Mature women, married and with kids, often weaves unexpected ties.
These loves are based on a very strong complicity. Nena and Lucia belong to two different social classes, but that’s not important, their bond is very intense. The film, penned with young scriptwriter Silvana Tamma, explores the theme of free love and that of impossible love, like the peacock’s for the dove. And it also tackles the theme of loss. Every character in this story has to confront it.
Why a peacock?
It was Silvana Tamma’s idea. I believe it’s the only film with a peacock that is the protagonist, a full-fledged character with a role and an evolution. What does it represent? It’s a symbol of beauty and vanity. All of the characters are peacocks in the first part of the film, then they all reveal themselves.
It’s your third collaboration with Alba Rohrwacher, always in very different roles.

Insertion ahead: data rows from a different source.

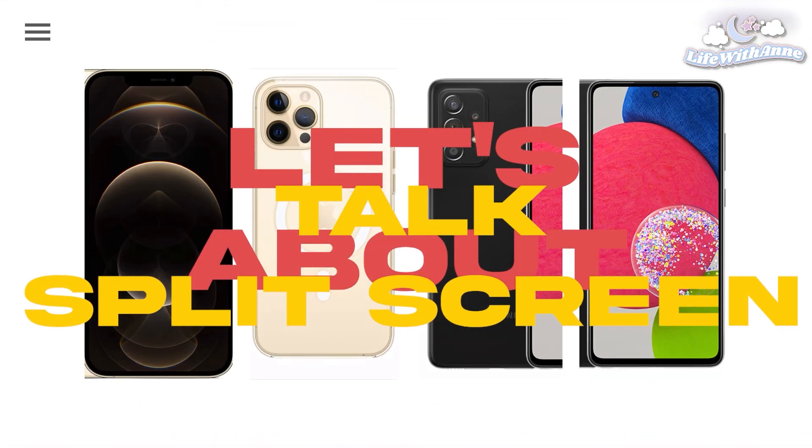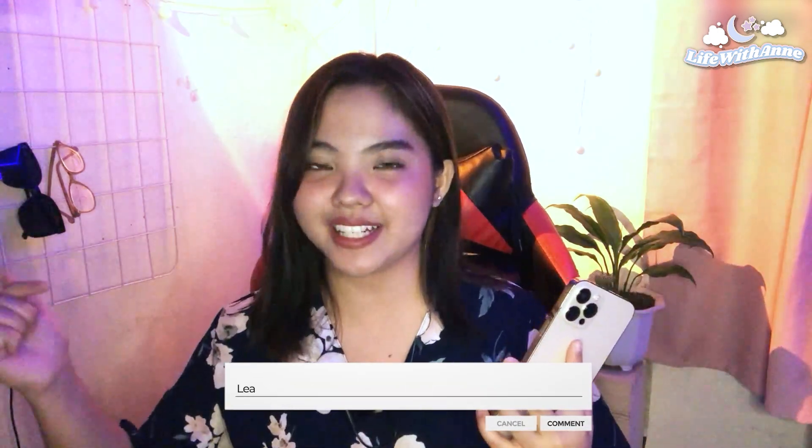Now let's go to picture-in-picture and split screen. Yes, the iPhone 12 offers picture-in-picture, but it only works on selected applications like Netflix, YouTube, and I think Facebook as well. As for split screen, it doesn't natively offer it — you need to install a third-party application for split screen to work on your iPhone or iOS device.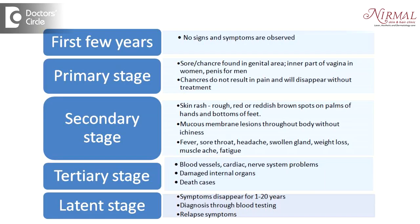Syphilis is called a great imitator. It imitates many various conditions and hence presents with varied clinical manifestations. It can present as a rash, with scaly lesions on the skin, mouth ulcers, or genital ulcers. Not only this, it can also involve various internal organ systems.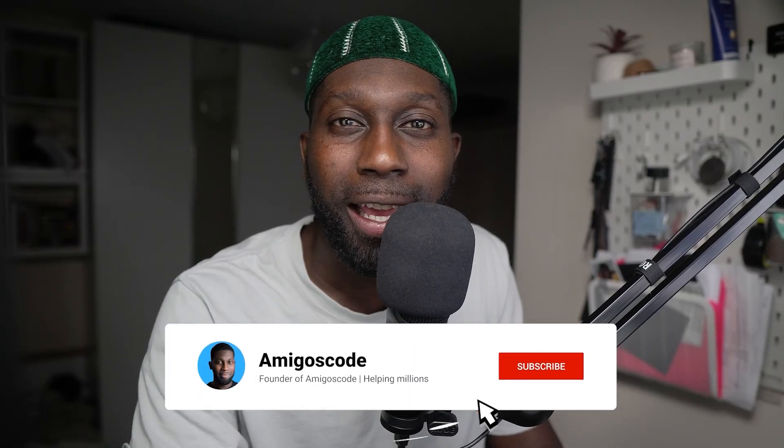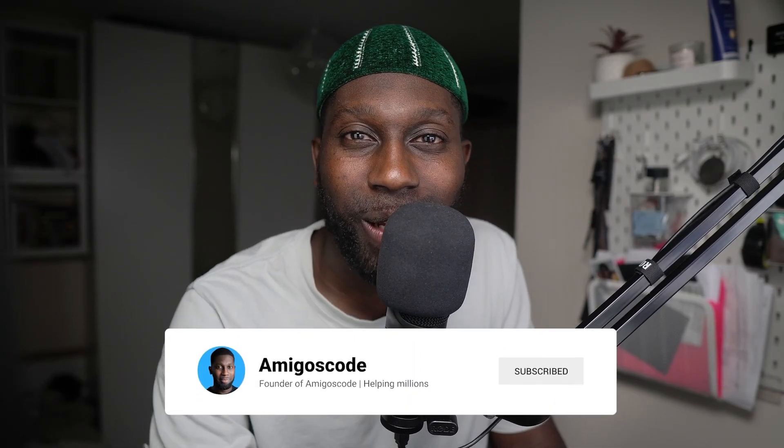I'll be posting frequently — not just tech stack content, because we're going to continue with Java and Spring as well. I actually met Josh Long yesterday, the guru of Java and Spring Boot, and we're going to be doing some stuff together. Really good stuff is coming your way. That's all for now — make sure to smash the like button and I'll see you in the next one. Salam alaikum.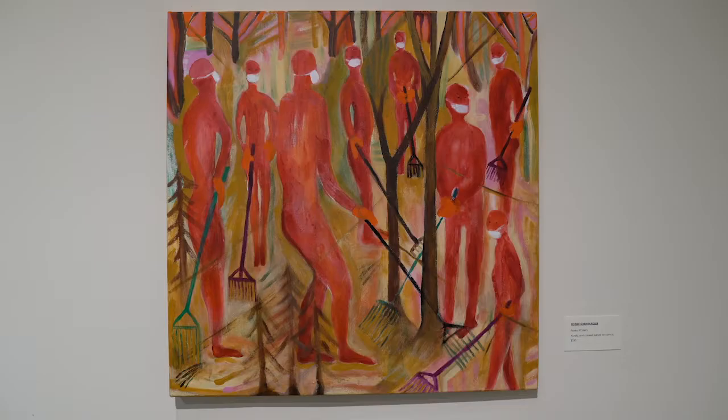This artwork called Forest Rakers examines the issue of wildfires — how masking up, clearing the forest, and adjusting to the risk of wildfire threat is a real concern that we all have, beautifully treated by this artist.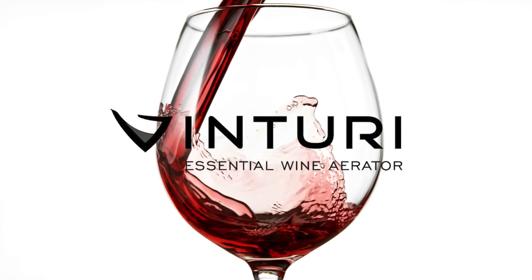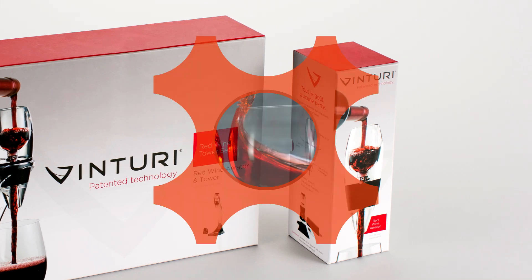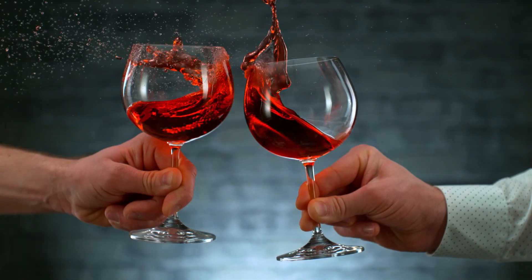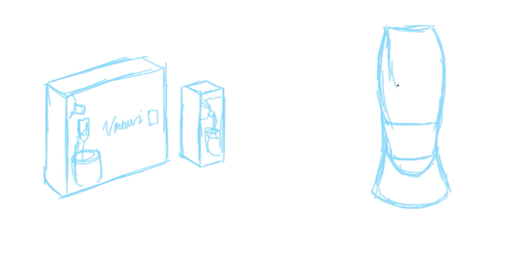When wine aerator company Vinturi needed to enhance their product's functionality and presentation, they turned to Stephen Gould for help. Led by Charles Affortit, the Stephen Gould team designed innovative packaging and manufactured essential components for Vinturi's aerator.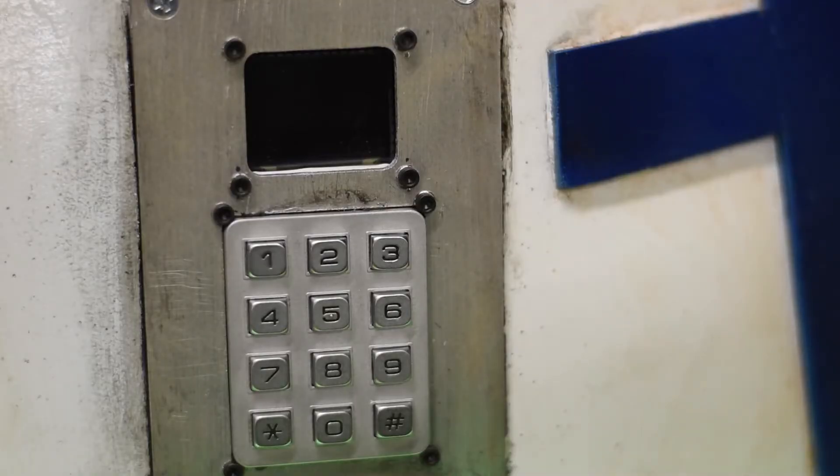Please enter passcode to enable launch sequence. Invalid launch code. Access denied.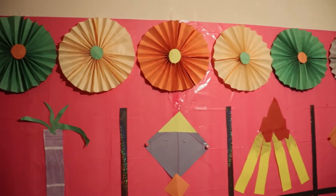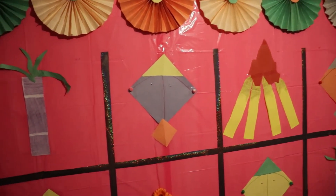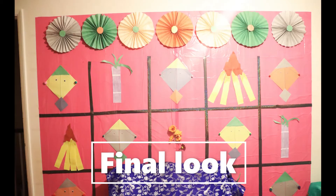Then we have colored papers and craft papers. We are going to decorate it very simple. We are going to do some cherries and flowers. We will decorate it.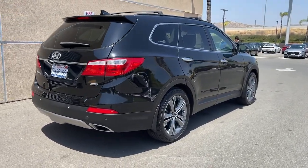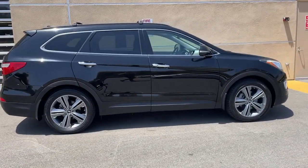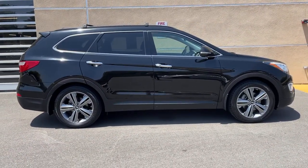This mid-sized crossover delivers confidence and comfort thanks to features like standard driver assistance, a spacious, well-equipped cabin, and standard infotainment tech.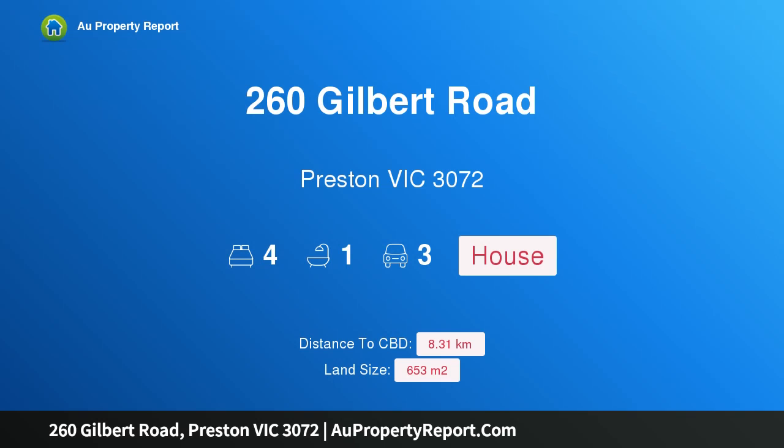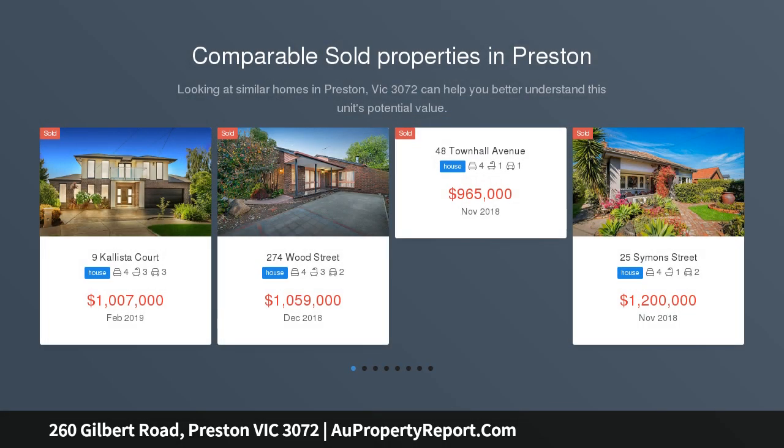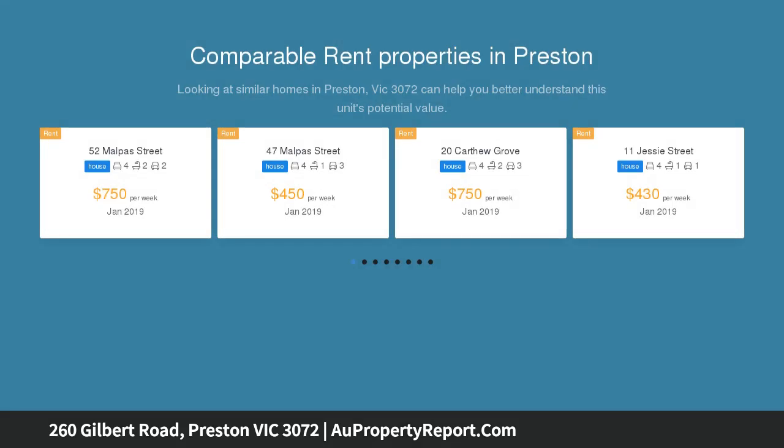Welcome to 260 Gilbert Road, Preston, Victoria 3072. Set on a magnificent 653 square meter allotment with 27 meters of frontage, this impressive clinker brick character residence is infused within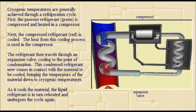This condensed refrigerant now comes in contact with the material to be cooled, bringing the temperature of the material down to cryogenic temperatures. As it cools the material, the liquid refrigerant is in turn reheated and undergoes the cycle again.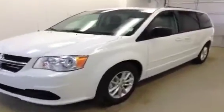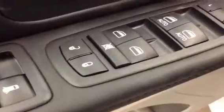Stock number A4270, 2014 Dodge Grand Caravan SXT. Exterior color is bright white. For your options you get power locks, power windows, power mirrors, and a power driver seat with lumbar support.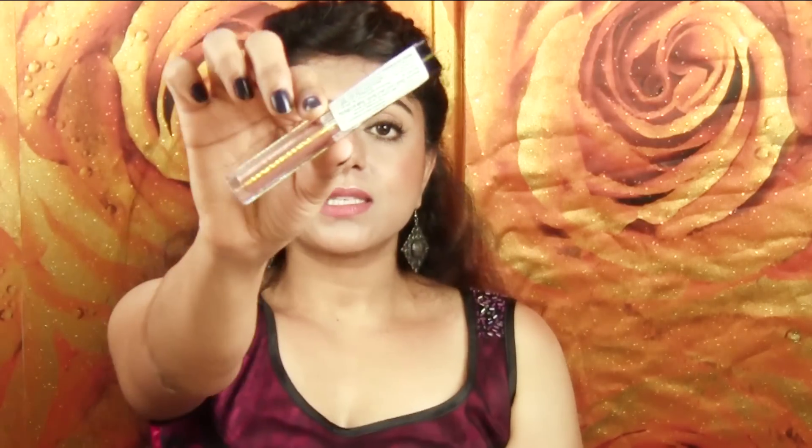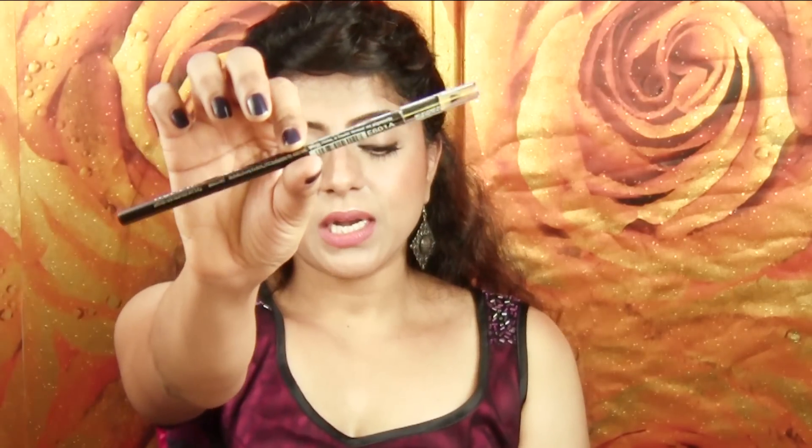The next item is the Mega Last Liquid Catsuit Liquid Eyeshadow from Wet n Wild in the shade Shells and Vizzles. This looks beautiful right now - I don't know how it wears or how the wear time is going to be, but I'm going to try it and let you know very soon. And then I have the Wet n Wild Color Icon Kohl liner in the shade Babies Got Black.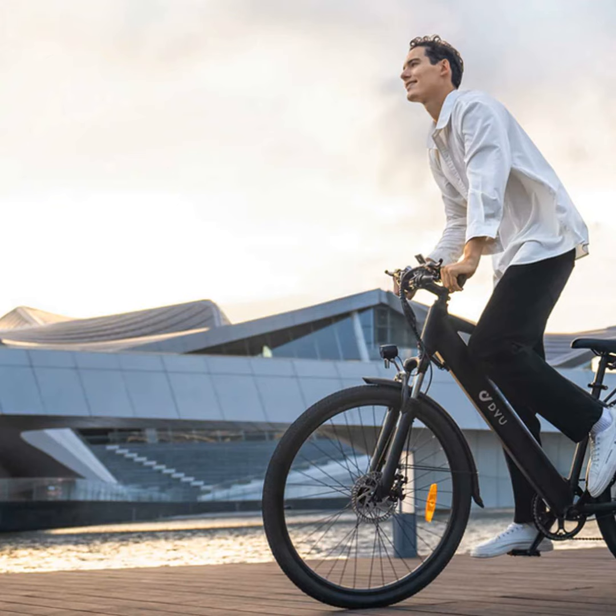Storage is also a breeze, thanks to the rear rack. Just strap on a bag or basket and you've got loads of room for shopping, clothes, or whatever you need to carry.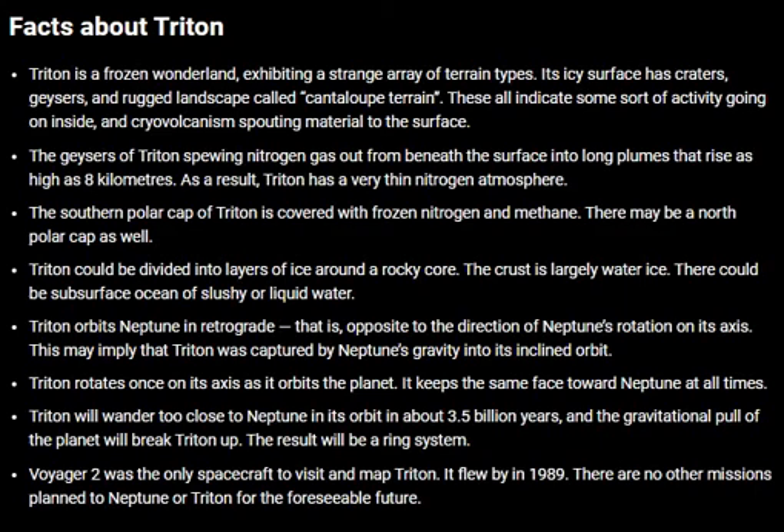Hello and welcome to Celestial Space Facts. In the previous video, you learned what is Triton Moon. Now in this video, we will learn about the facts about the Triton Moon.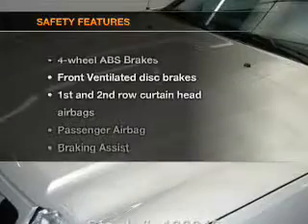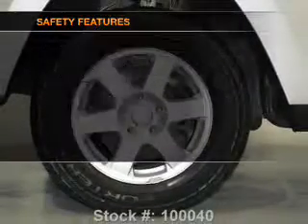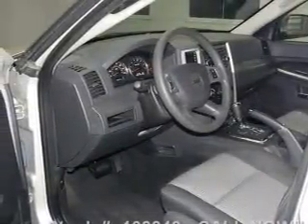If safety is a high priority, rest assured knowing that these top safety components are included: front ventilated disc brakes, passenger airbag, curtain head airbags, stability control. Call today to schedule a test drive.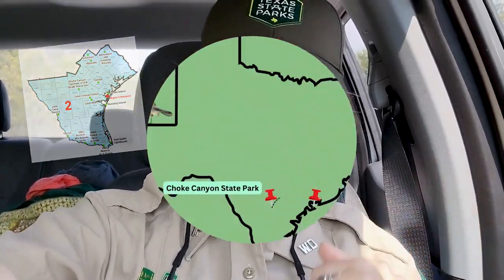Hey guys, welcome back to Into the Canyon. It's Ranger Olivia. Today's episode is going to be extra special — we're going on a road trip. I'm going to go meet up with all the other interpreters in our region, Region 2, and we're going to Powderhorn State Park. So let's go.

This time Alba is Adelina, a woman who always manages to say and do the wrong thing. She tries to be likeable, but doesn’t succeed. She brings the wrong grift, and just says it. She’s a young woman who had a serious health problem, she experienced fear and it’s out of tune, out of place. I worked on the tender and ironic side of Alba, we always have a lot of fun in facing new challenges. I don’t like actors repeating what they’ve already done before.
How did you reach out to Dominique Sanda, a mythical actress?
I fell in love with her many years ago in The Garden of the Finzi-Continis. While we were writing, I thought she would be an incredible Nana. I tried to look for her, and it’s not been easy. She’s been living in Uruguay for the past 20 years. I finally found her, I sent her my films and this script. She liked it and she loves to play in Italian. She’s been brave, she came in Italy last February despite the pandemic, and had swabs every day on the set.